## Work task
No pictures belong in the result; set down exactly the lines from the one containing "Slide: The Image" through the final line of the listing, and nothing more.

## Information provided
################

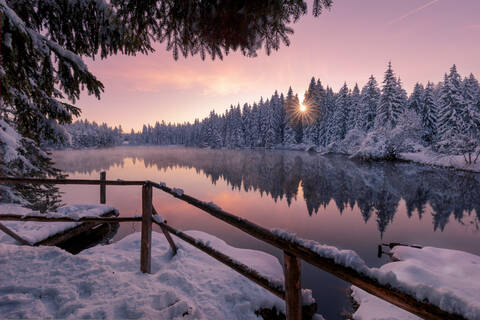 Scenic Winterlandschaft der ruhigen See mit hölzernen Pier mit Schnee und Nadelwald bedeckt reflektiert im Wasser in Sonnenuntergang Zeit, lizenzfreies Stockfoto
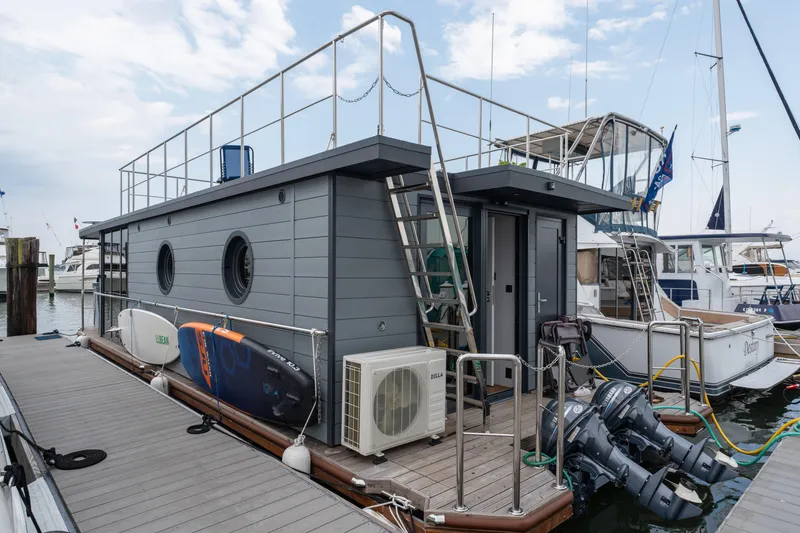 Slide: The Image of Modern Waterlodge Apart L Long houseboat docked, featuring rooftop access and outdoor equipment, 2026 model. - 26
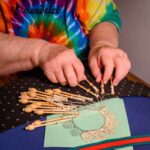 Close up of Sister Nancy Marsh's hands lacemaking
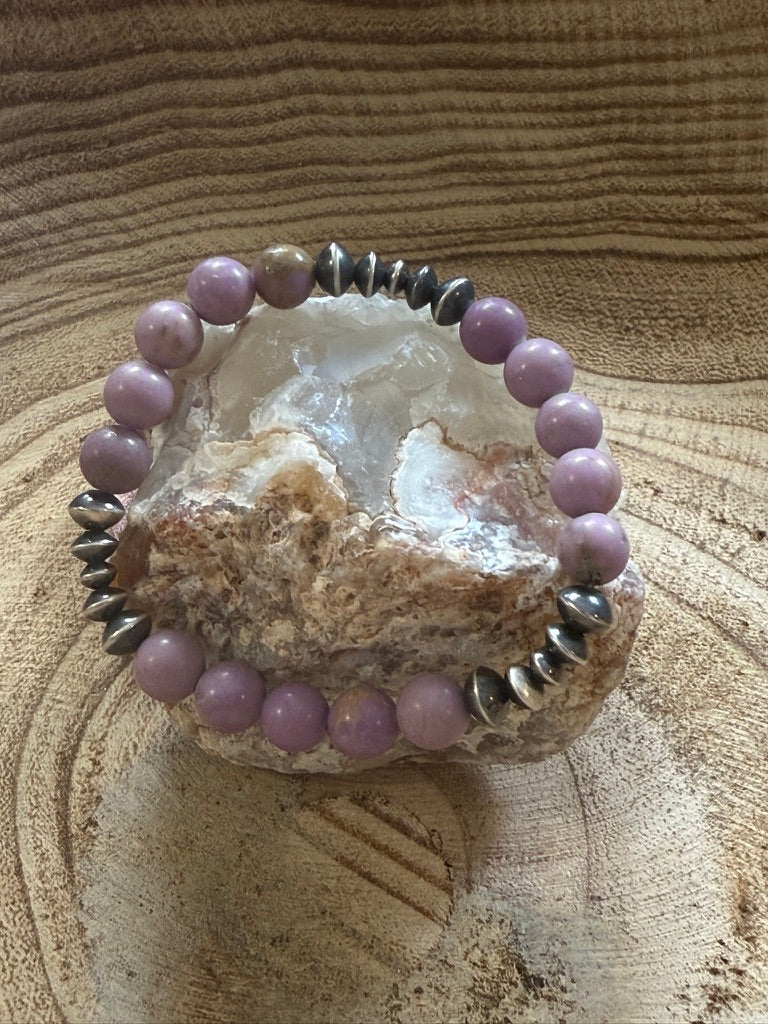 Purple beaded bracelet on a rough stone with a wooden background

################

## Solution for this exercise
 Slide: The Image of Modern Waterlodge Apart L Long houseboat docked, featuring rooftop access and outdoor equipment, 2026 model. - 26
 Close up of Sister Nancy Marsh's hands lacemaking
 Purple beaded bracelet on a rough stone with a wooden background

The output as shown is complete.